Work instructions:
Transcribe the data below verbatim from the line with "Wandregal Small Schwarz" to the line with "Murray 46103x71A - B&S/". Include both of those lines.

Input for this task START

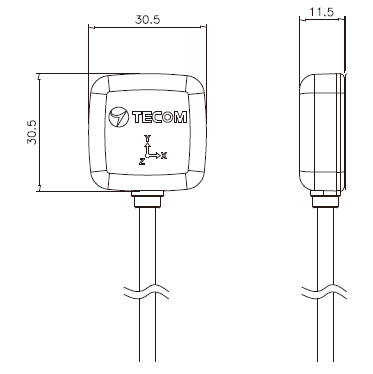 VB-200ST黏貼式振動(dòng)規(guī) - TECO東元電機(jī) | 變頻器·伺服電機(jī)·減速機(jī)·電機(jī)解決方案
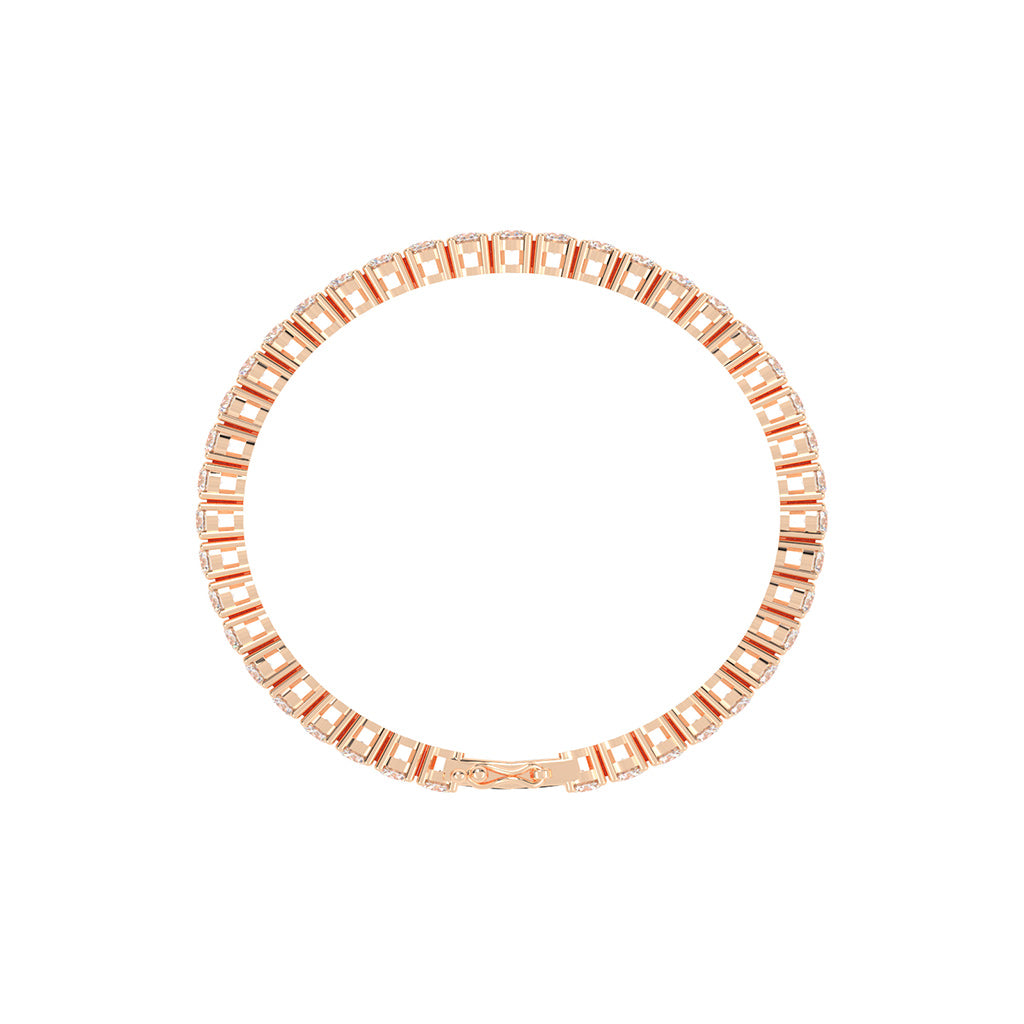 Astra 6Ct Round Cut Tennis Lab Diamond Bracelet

Input for this task END
Input for this task START

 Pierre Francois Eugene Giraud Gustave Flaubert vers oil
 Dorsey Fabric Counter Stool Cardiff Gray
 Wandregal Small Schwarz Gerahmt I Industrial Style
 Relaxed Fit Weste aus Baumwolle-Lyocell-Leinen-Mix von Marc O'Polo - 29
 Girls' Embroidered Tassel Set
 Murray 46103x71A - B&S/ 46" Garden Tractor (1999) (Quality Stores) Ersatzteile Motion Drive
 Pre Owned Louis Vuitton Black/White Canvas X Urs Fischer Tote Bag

Input for this task END
Input for this task START

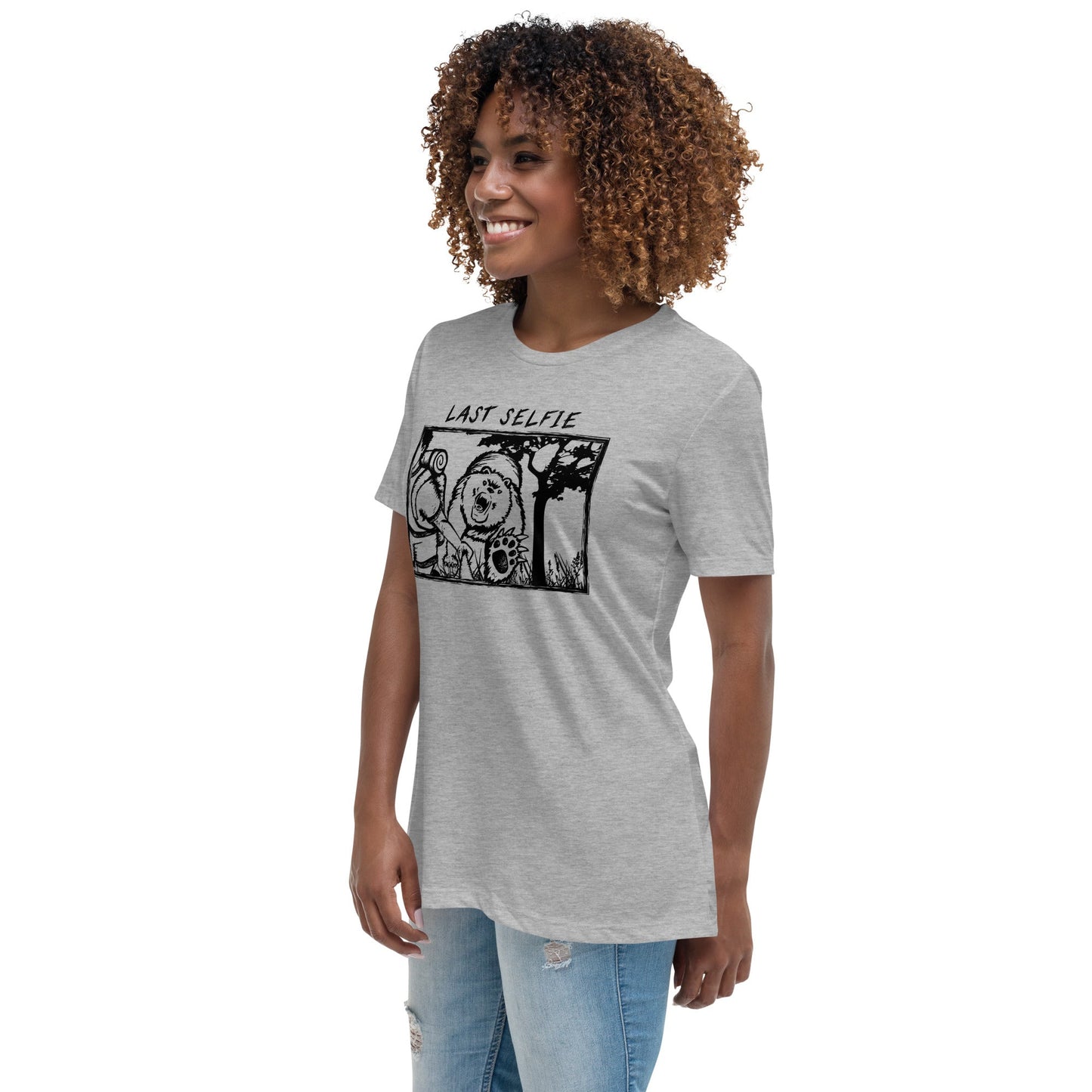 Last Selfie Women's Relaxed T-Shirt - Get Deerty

Input for this task END

Exercise solution:
 Wandregal Small Schwarz Gerahmt I Industrial Style
 Relaxed Fit Weste aus Baumwolle-Lyocell-Leinen-Mix von Marc O'Polo - 29
 Girls' Embroidered Tassel Set
 Murray 46103x71A - B&S/ 46" Garden Tractor (1999) (Quality Stores) Ersatzteile Motion Drive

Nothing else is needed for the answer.